Here we are in Oaxaca for the well-known celebration of the Dia de Muertos. We decided to come here after falling in love with Disney’s « Coco », inspired by Oaxaca and its traditions👌🏼📽
At first, I thought it was another commercial celebration, like Halloween. But then we really immersed ourselves in the local culture and took the time to understand what it’s all about, speaking with locals, learning about the History, seeing a myriad of live parades/shows/plays and visiting cemeteries on the night of October 31.
In Mexico (especially in the Central and Southern regions), this holiday is about families gathering to remember and honor their relatives. It is a tradition which mixes Catholic beliefs with pagan/indigenous traditions. Contrarily to what we could think, there is nothing sad or macabre about this practice. It is all about supporting loved ones’ spiritual journey, helping them cleanse their Soul and find their way back to their homes. Here, death is perceived as a natural part of the human cycle. Indigenous people believe we die only to be reborn and to give new life: just like the sun, we set and rise to be born anew. Mexicans believe that throughout time, the dead acquired the “right” to visit their families. Therefore families nowadays have the “obligation” of welcoming them.
These are not days of sadness, but days of celebration because the dead awaken to return home from the Heavens to share some special moments with their family. In Oaxaca, families typically spend the entire night of October 31st lighting candles and sitting by their relatives’ beautifully decorated tombs, until the sunrise. This practice stems from the belief that if the entire family does not leave its home, then their relative’s Soul will not be able to return home quietly and at its own pace – where it is welcomed by a personal altar after a long and tiring journey.
Every single element of these altars serves to support the Soul’s journey and guide it back home. They typically contain a picture of the loved one, candles, bright orange flowers and scented fruits, all serving the same purpose: to guide the Soul so it finds its way back more easily. Water, salt and copal incense help it cleanse and hydrate after what is believed to be a rough journey. An image of the deceased’s favorite Saint offers them protection, and many diverse offerings (such as their favorite foods, beverages, mezcal, and various other objects) are exposed to bring them joy and ease their crossing.

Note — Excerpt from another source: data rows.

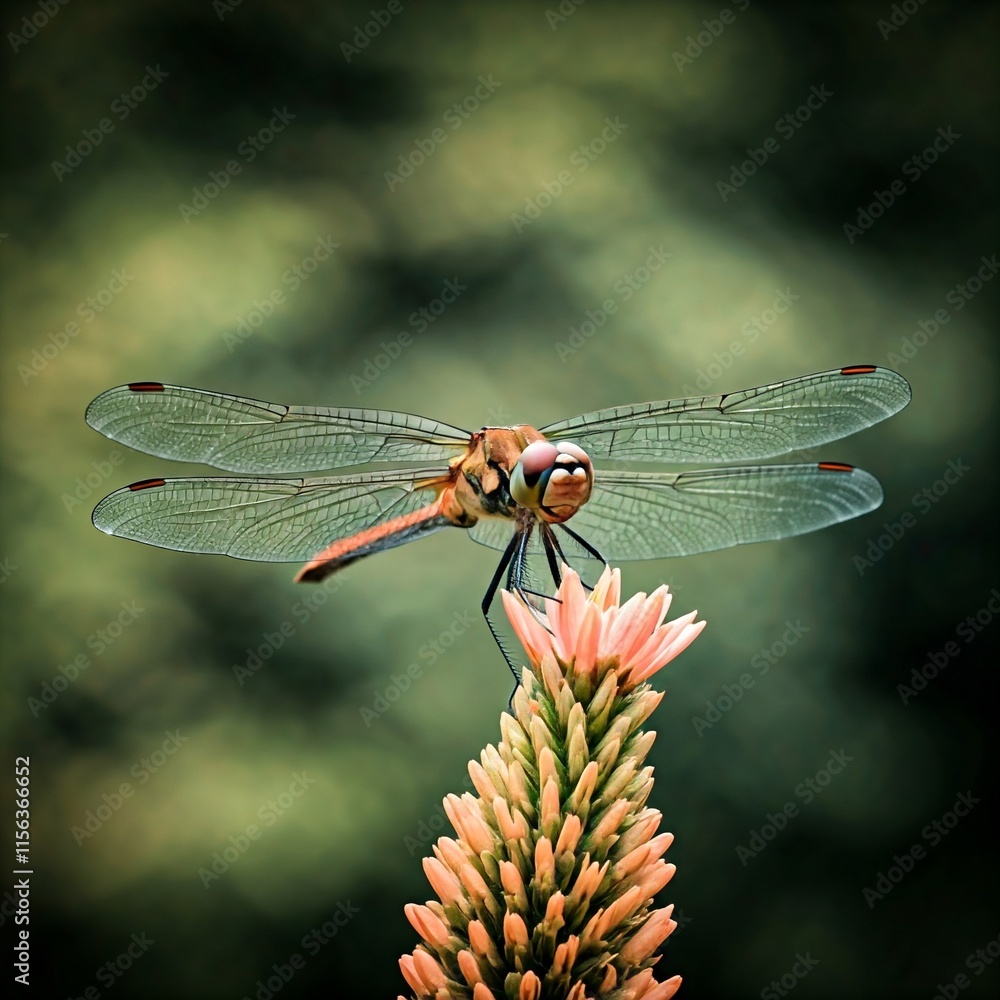 A macro photography of a dragonfly in warm tone color. Close up photo for education. Detailed and defocused background. A macro photography of a dragonfly in warm tone color. Close up photo for education. Detailed and defocused background.
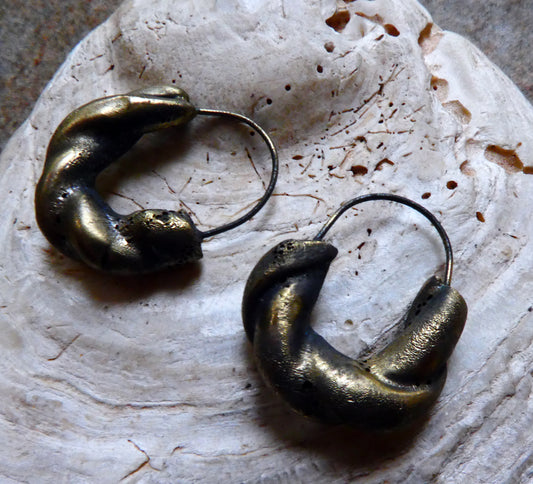 Ceramic Twisted Hoop Earring Charms - Bronzy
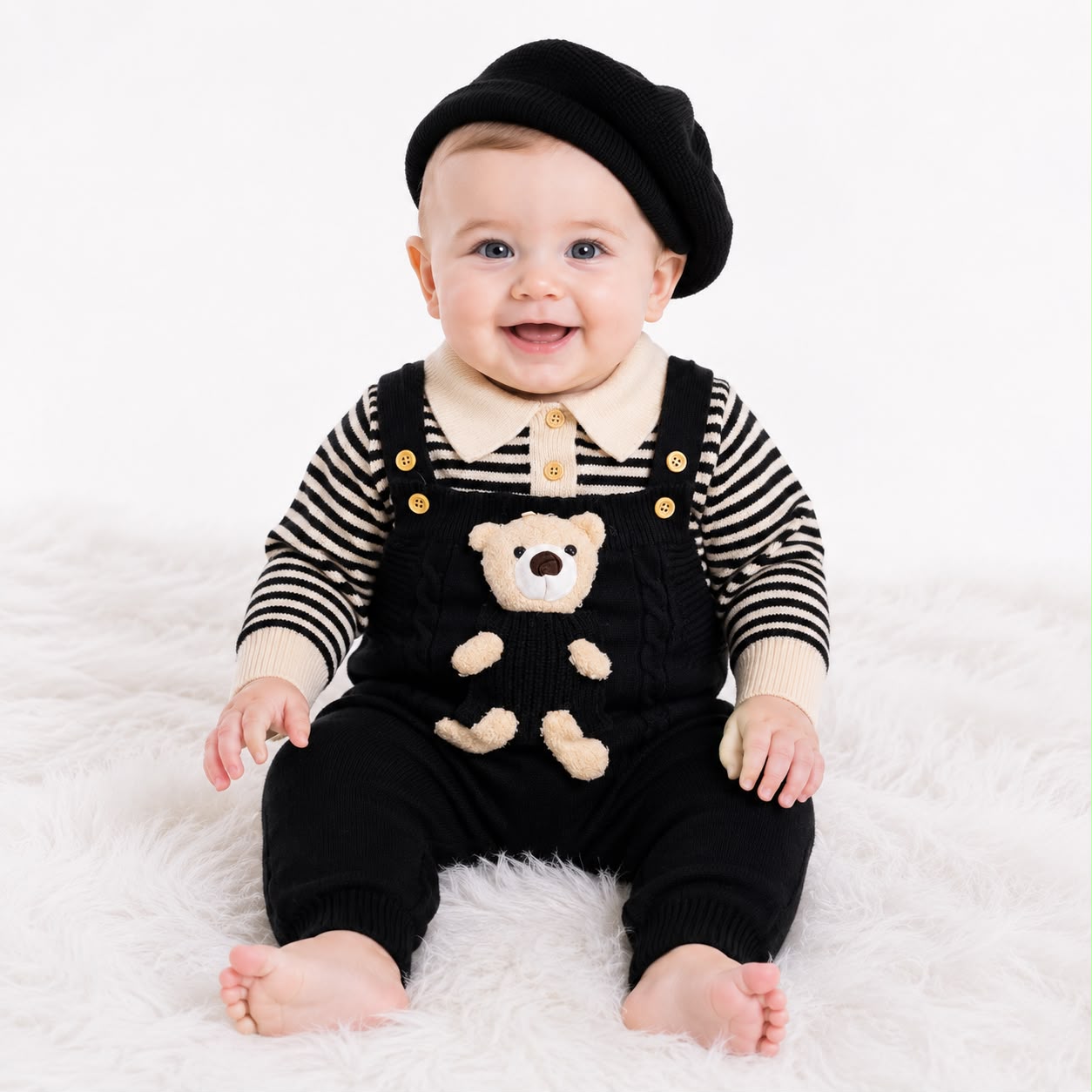 Imported Woolen Baby Rompers with cap
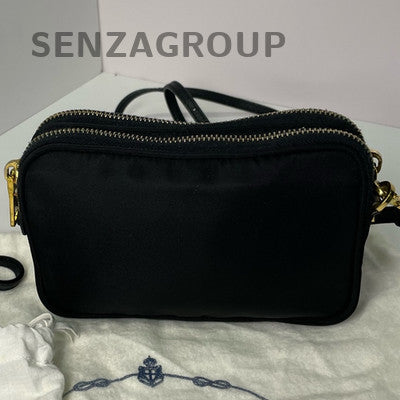 Prada Nylon Mini Camera Bag Black Gold Shoulder Crossbody Classic Women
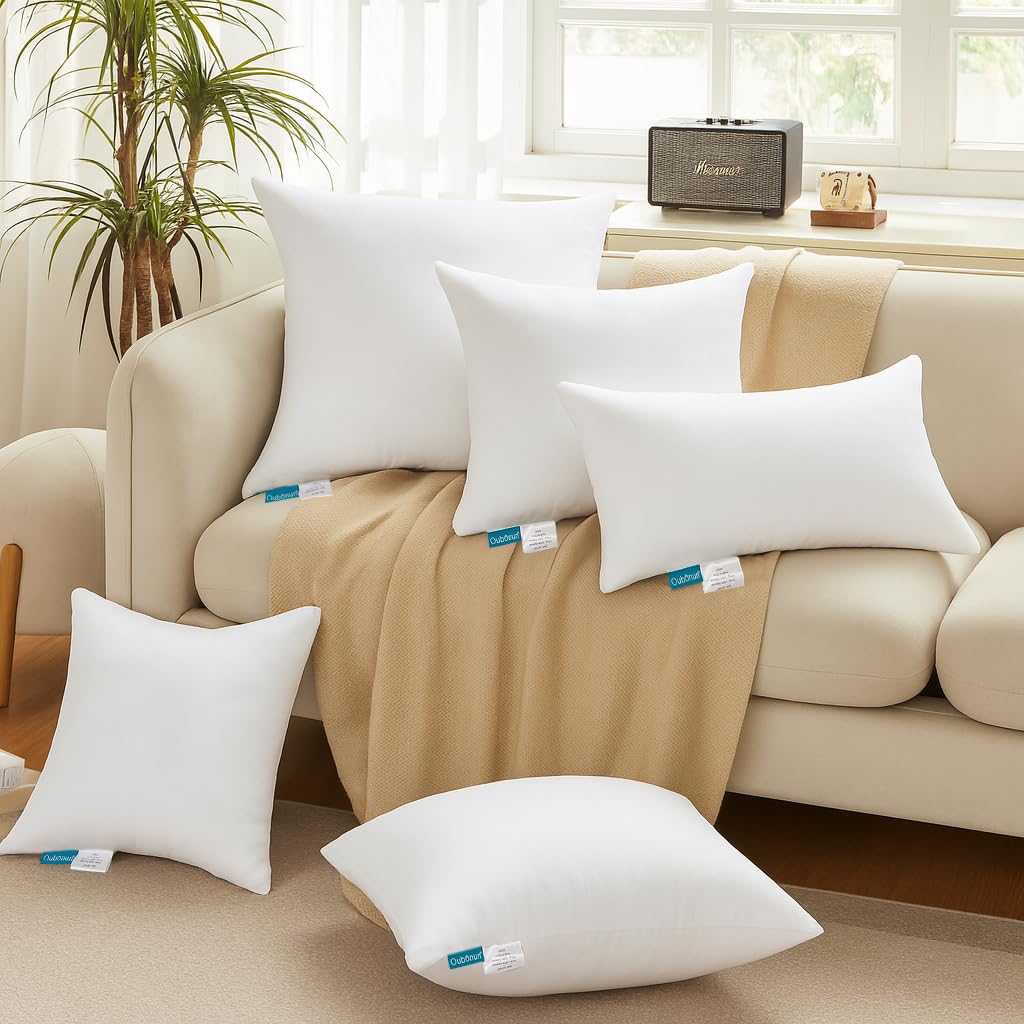 Oubonun 26 x 26 Throw Pillow Inserts - Soft, Plush & Decorative Down Alternative Pillows for Couch Sofa Bed, Machine Washable - White, Pack of 2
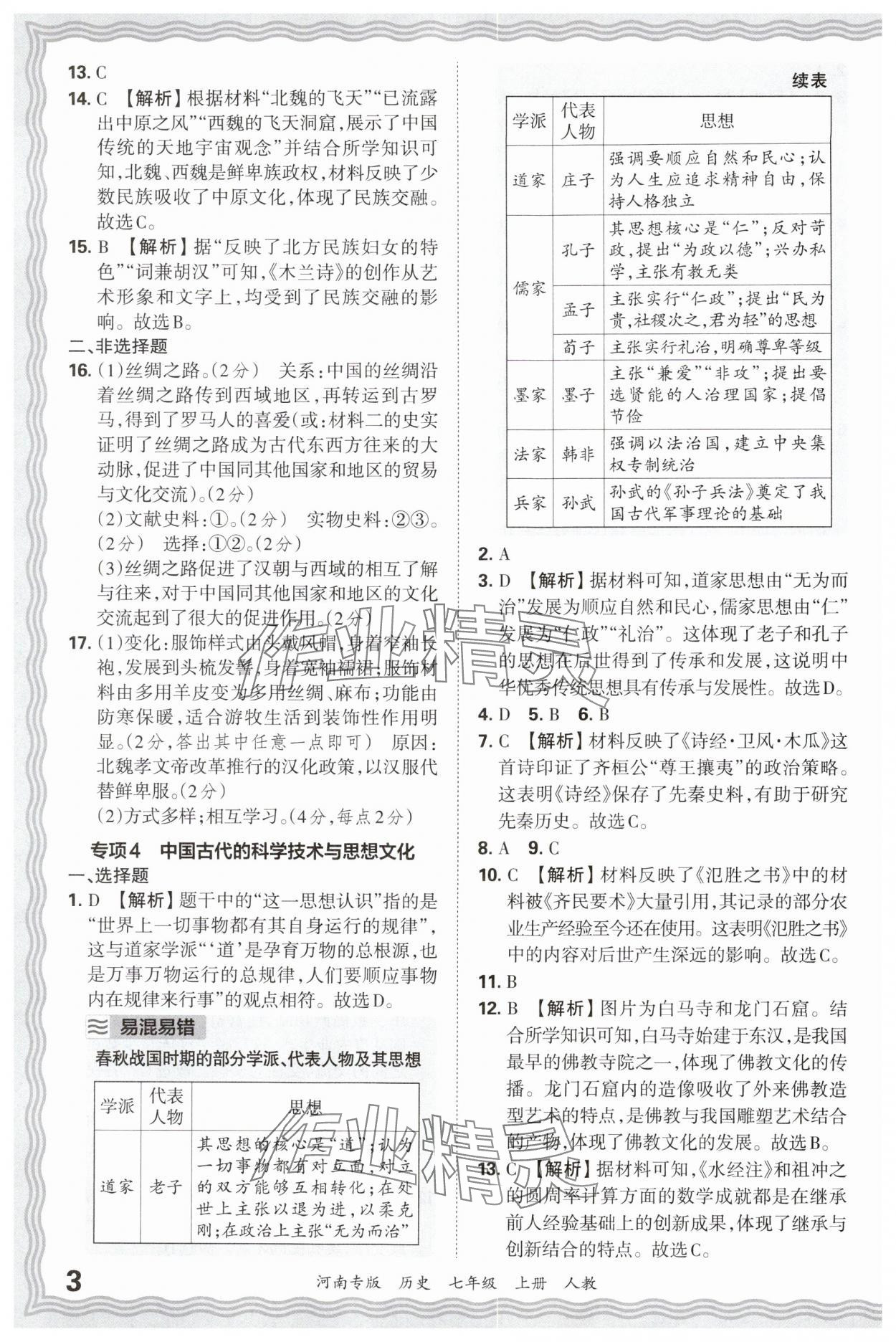 2024年王朝霞各地期末试卷精选七年级历史上册人教版河南专版&nbsp;参考答案第3页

From November 1-3rd families gather in private, praying for their dead to be blessed in Heaven. After November 3rd, once their relative’s soul has left them to set out on its return journey, they can then themselves indulge in all the delicious offerings (eating their offerings earlier might upset the dead, so they believe) – sometimes even sharing them with friends and neighbours, from what I understood. So from a spiritual point of view, the most important happenings take place on October 31st and November 1st, when a lot of praying happens and Souls return home.
As for the “lost” Souls, those with no relatives here below (or relatives who don’t care anymore, I guess…), we were encouraged to light a candle and place some offerings on empty tombs we might come across in the cemeteries – a gesture I found particularly touching ❤️
I truly loved witnessing these very special days. They taught me to let go of my Western view of life and death, reminding me that there is no life without death. Here they actually say you already start to die when you are born… Personally, I will forever try and remember my loved ones with a smile and light heart because I think their Souls will be able to rise and travel more freely if I do not hold them back with my sadness. It will serve them better to see me happy than sad and clinging on to their earthly form. As their time comes, acceptance is what helps everyone most – dead or alive 🌺✨🙏🏼
Ps: As opposed to what you could think, the Dia de Muertos is not celebrated all around Mexico, but concentrated in the central and southern states. Our Mexican-Mayan friends from Campeche (in the Yucatan peninsula) for example, did not celebrate at all. FYI, from what we’ve heard from locals, the best places to witness these celebrations and traditions are Oaxaca city, Michoacán and Guanajuato.